As public opinion towards marijuana continues to warm, there is talk that, in the not too distant future, NFL players may be able to partake in using the popular drug. Currently, 16 of the 32 professional football teams are located in states that have legalized at least the medicinal use of marijuana, according to the NFL. However, the drug is listed as a banned substance under the League’s collective-bargaining agreement (CBA) that applies to all teams, including players, and those found in violation of this policy through the NFL’s routine testing are subject to suspension.

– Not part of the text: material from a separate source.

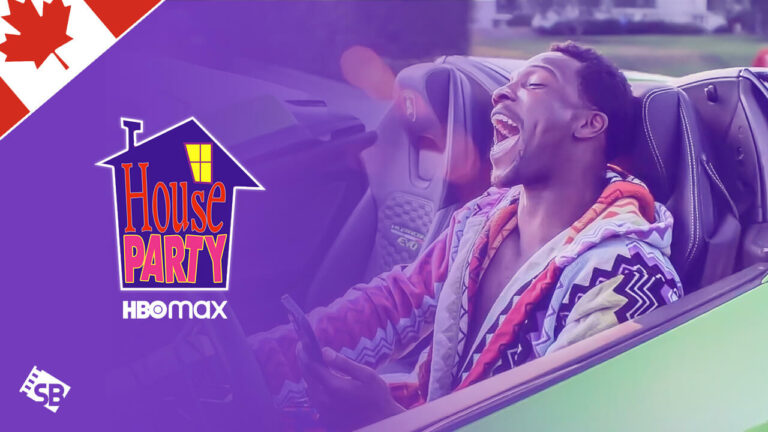 House Party on HBO Max-CA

As CNN reports, while NFL Commissioner Roger Goodell recently stated that the League is not “actively considering” a change to its stance on marijuana, the NFL Players Association, backed by Doctors for Cannabis Regulation, is investigating potential benefits to a more hands-off approach. Noting a study by the Journal of Drug and Alcohol Dependence, injured and rehabbing players could substitute medicinal marijuana for opioid painkillers, which over half of all retired players used at some point during their career and 71% of those players abusing them. Additionally, a more tolerant approach could have the practical effect of reducing suspensions, ensuring that star players remain on the field as much as possible.
While immediate policy change appears unlikely, discussions are expected to intensify in 2020 when the current CBA expires and as research into the potential health benefits and risks of marijuana continues.